De la crise sanitaire au terrorisme, l’appel à la responsabilité individuelle s’intensifie toujours un peu plus. Le concept de vigilance a envahi les discours d’autorité. Au travail, dans la rue, dans les transports ou sur Internet : jusqu’où ira l’enrôlement du citoyen dans la politique sécuritaire ? Maîtresse de conférences en sciences politiques à l’université Paris-VIII, Vanessa Codaccioni retrace ce grand mouvement vers la répression des populations dans la Société de vigilance. Auto-surveillance, délation et haines sécuritaires (éd. Textuel). Le tout avec leur consentement : la politiste dessine les contours d’une surveillance « latérale », où chaque citoyen est invité se mettre en état d’alerte permanent, à scruter le moindre comportement suspect. Une logique qui redouble d’intensité depuis la pandémie. (Photo DR)
Simon Blin – Vous faites la critique du terme de résilience, abondamment employé par Emmanuel Macron. En quoi ce concept pose-t-il problème ?
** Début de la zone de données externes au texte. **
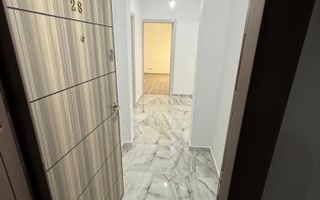Apartament 4 camere de vanzare - Poză 1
Vanessa Codaccioni – Le concept de résilience pose problème dès lors qu’il est utilisé dans le domaine de la sécurité ou de la défense nationale. A l’origine, il s’agit d’un terme issu de la géologie mais qui a été très utilisé en psychologie à partir des années 90, et qui renvoie à la capacité d’un organisme, d’un individu ou d’un groupe à surmonter un choc, une attaque, à reprendre le cours normal de ses activités mais aussi à s’adapter à différents environnements, hostiles notamment. On comprend pourquoi la résilience est surutilisée dans les discours lors de la crise sanitaire ou sur la lutte antiterroriste. Emmanuel Macron l’a d’ailleurs utilisée à propos de l’une ou de l’autre, mais aussi lorsqu’il a évoqué la création du service national universel. Car appliquée à la défense nationale, la notion de résilience renvoie à deux phénomènes complémentaires : soit elle fait référence à la préparation à une crise et à un événement critique (catastrophe naturelle, attentat, guerre), soit elle signifie la résistance collective face à un choc. Dans les deux cas, les citoyens sont continuellement incités à agir, à réagir, à se préparer, se défendre, être en sécurité, rebondir, c’est-à-dire qu’ils sont censés être obsédés par les questions sécuritaires et doivent constamment s’adapter pour obtenir plus de sécurité. Et, évidemment, moins de libertés.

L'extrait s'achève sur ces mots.